Su enemigo quechua fue localizado cruzando la invisible línea fronteriza en una aldea llamada Pisajtapa, que está rodeada de altas montañas, cubiertas siempre de una arcilla arenosa que usan las mujeres del lugar para lavar sus prendas, enormes rocas que se levantan de su vientre y de paja brava.
Los más jóvenes se cubrieron la cabeza con monteras de cuero de vaca, que tienen la exacta forma del casco del conquistador español, mientras los viejos prefieren el ch´ullo, un gorro tejido en lana de alpaca.
Las pocas armas que llevaron –que sus abuelos utilizaron en la guerra del Chaco y las que el Gobierno entregó a los campesinos para imponer la reforma agraria de 1952– brillaron con los primeros rayos del sol. En un orden perfecto, en masas compactas, marcharon de a uno en una línea de batalla de un casi un kilómetro de extensión.
Llegaron a su objetivo atravesando la árida estepa en el crepúsculo del día segundo del año nuevo aymara.
Quienes no contaban con armas cargaban palos, piedras y hondas para librar la última gran batalla después de 175 años de lucha, la misma edad de la República.

La guerra no se improvisa

Los más jóvenes, que comandaron el ataque, aplicaron las estrategias que aprendieron en los cuarteles del Ejército. Apelaron a una táctica de encubrimiento y crearon cortinas de humo quemando paja brava y dejando corredores expeditos para la huida.
Todas las técnicas convencionales las aprendieron durante su servicio militar y las aplicaron en cada una de sus incursiones.
Los qaqachacas conformaron escuadrones de 12 a 15 hombres y la misión de cada uno de ellos dentro del campo de batalla era específica.
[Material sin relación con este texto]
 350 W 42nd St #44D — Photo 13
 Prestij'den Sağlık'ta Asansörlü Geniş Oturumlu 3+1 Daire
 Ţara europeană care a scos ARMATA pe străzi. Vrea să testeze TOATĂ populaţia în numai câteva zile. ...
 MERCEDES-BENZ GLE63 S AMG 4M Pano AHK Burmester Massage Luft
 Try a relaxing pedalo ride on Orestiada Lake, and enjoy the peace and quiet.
Los grupos de choque, que fueron los primeros en ingresar a la batalla, estaban armados.
En la comunidad laime un niño cayó derribado por un disparo cuando se disponía a llevar a pastar a sus ovejas en los albores de esa extraña jornada.
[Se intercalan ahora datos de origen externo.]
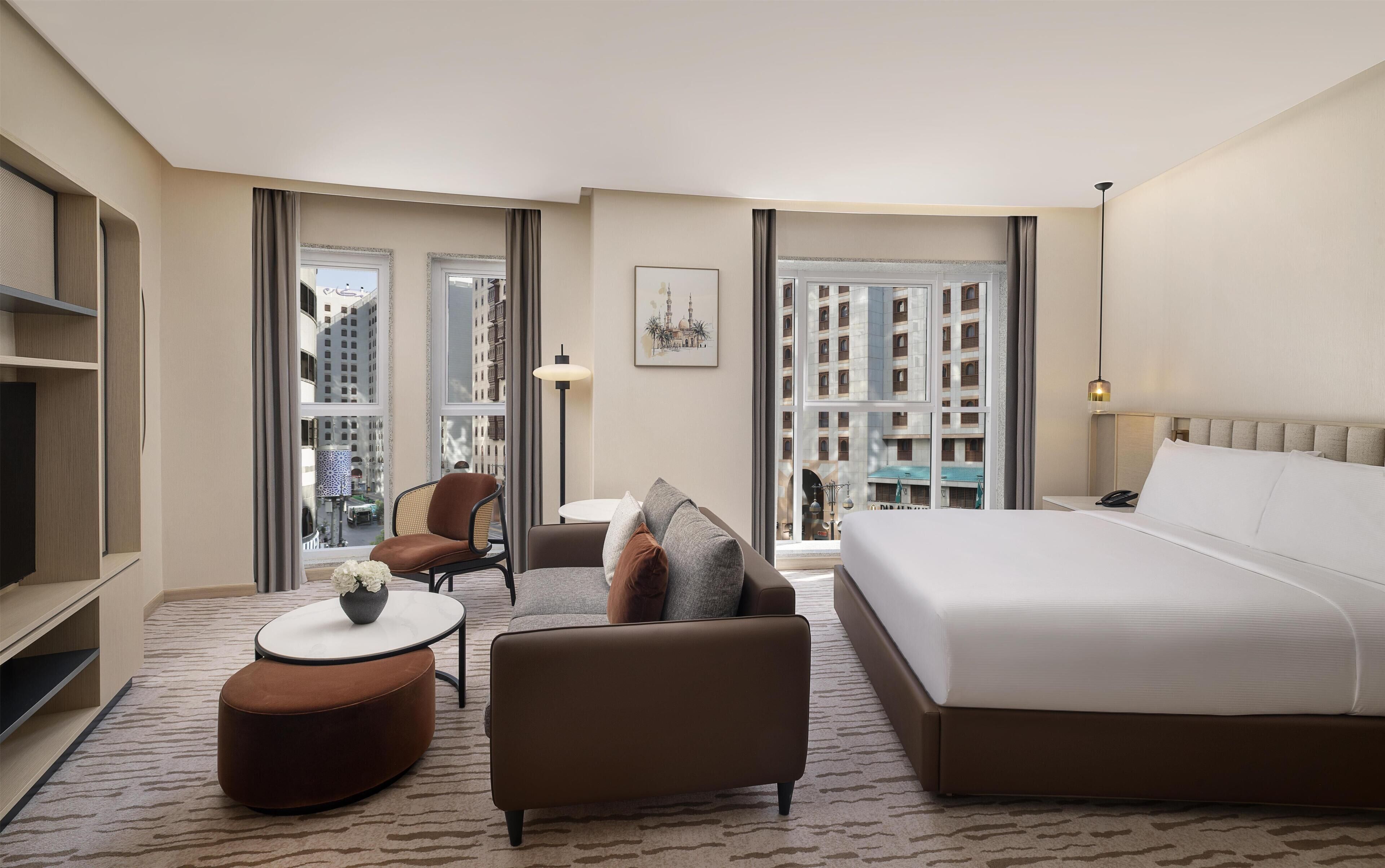 Junior Suite, 1 King Bed (Palm) | Premium bedding, down comforters, Select Comfort beds, minibar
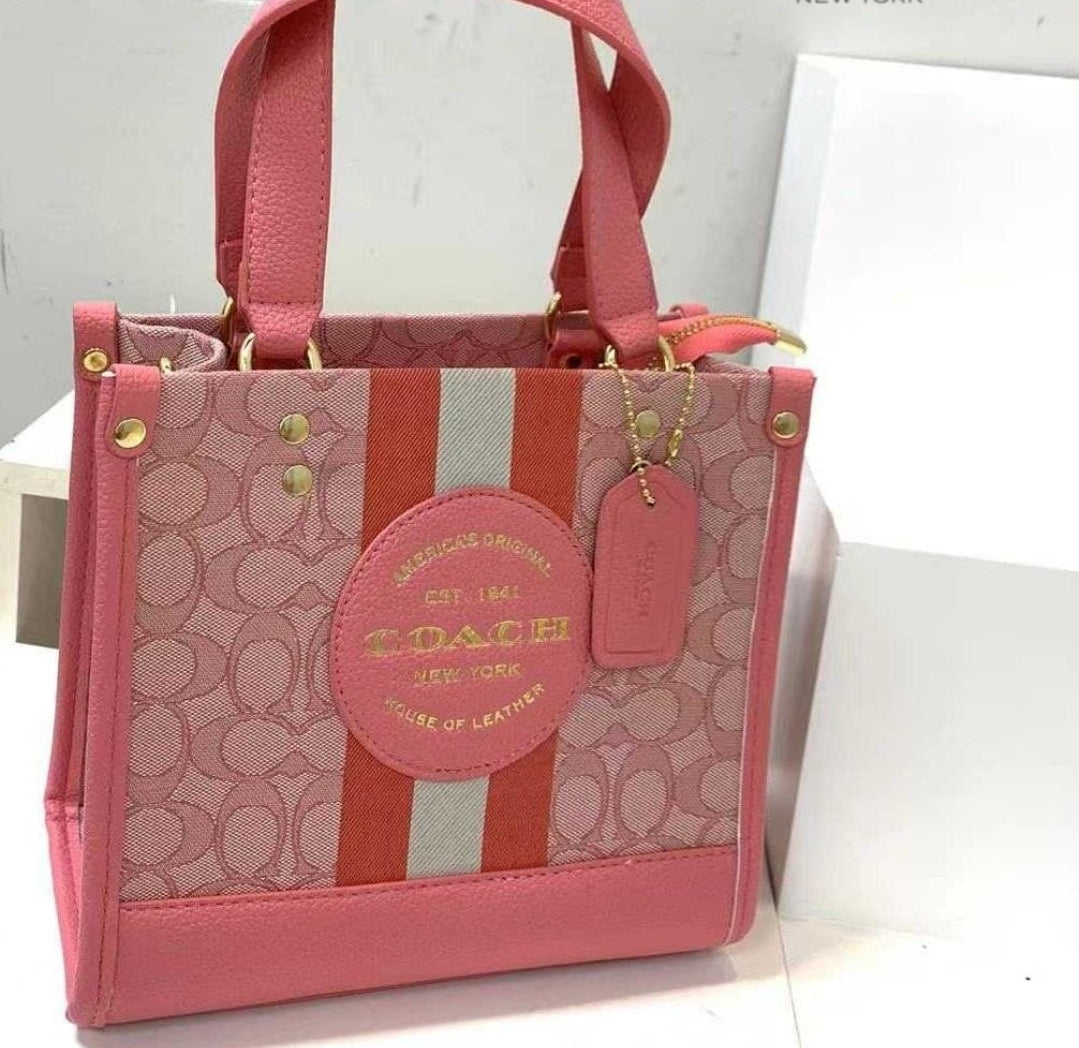 Cartera Dama Square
Los viejos máuser escupieron su mortal veneno y provocaron las primeras bajas sobre los habitantes de la pequeña aldea donde el aire se tornó denso e irrespirable.
Entre una espesa humareda y un olor penetrante a pólvora se luchó cuerpo a cuerpo y la confusión y el desorden empezaron a reinar, se perdió la noción del tiempo y la única oportunidad que tenían los laimes era huir para sobrevivir.
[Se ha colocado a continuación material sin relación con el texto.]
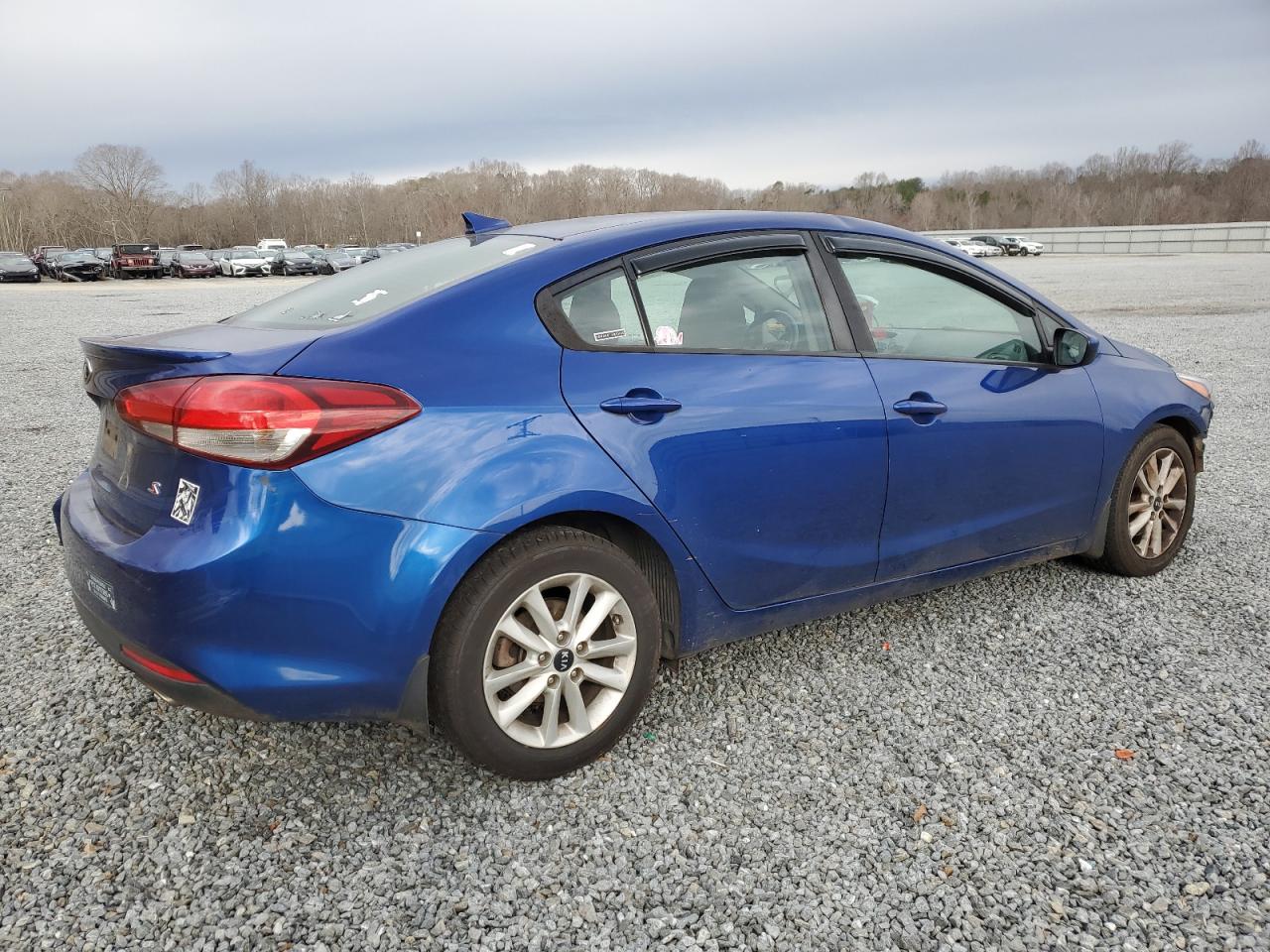 2017 Kia Forte - Image 3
Exhausto un contingente de guerra qaqachaca era relevado por otro que ingresaba en el campo y el combate se tornaba interminable.
Pero la lucha inició un lento ocaso, la intensidad de los combates disminuyó y ya se vislumbraba un ganador y la tragedia.
La incursión, después de seis horas de refriega, concluyó con 22 muertos, 87 heridos y una aldea de pequeñas casas de adobe y techo de paja incendiada. Los vencedores se llevaron mujeres y ganado y dejaron atrás un campo de desolación y muerte.
En inferioridad numérica, los quechuas perdieron la batalla y la sed de venganza corrió y ardió por sus venas. Las mujeres intentaban pacificar el enfurecido ánimo de los hombres para no agravar más la situación y prodigaban esfuerzos para atender a sus heridos.
Un huérfano para la venganza laimi
El senador Luis Vázquez fue testigo de una historia escrita con sangre ese 22 de junio de 2000 en la aldea de Pisajtapa, cuando ejercía el cargo de Ministro de Justicia durante la administración gubernamental de Hugo Banzer (1997-2001).
“Sus padres habían muerto hace seis horas y recién la gente oyó su llanto. No lo notaron mientras su madre luchaba y caía cargándolo en su aguayo. Después despertó y sus gritos llamaron la atención de quienes todavía trataban de pacificar a los enfurecidos rivales”, recordó la ex autoridad
“Gente de la comunidad lo recogió y funcionarios del Ministerio de Justicia y Derechos Humanos trataron de encontrarle un hogar”, dijo Vásquez, al precisar que se trataba de un huérfano laime, “uno más de la guerra entre ayllus”.
Sin embargo, agregó, cuando se halló una familia dispuesta a acogerlo, la comunidad hizo conocer su decisión: “Si hubiera sido chica la entregábamos. Como es hombre, tiene que quedarse para vengar a sus padres”.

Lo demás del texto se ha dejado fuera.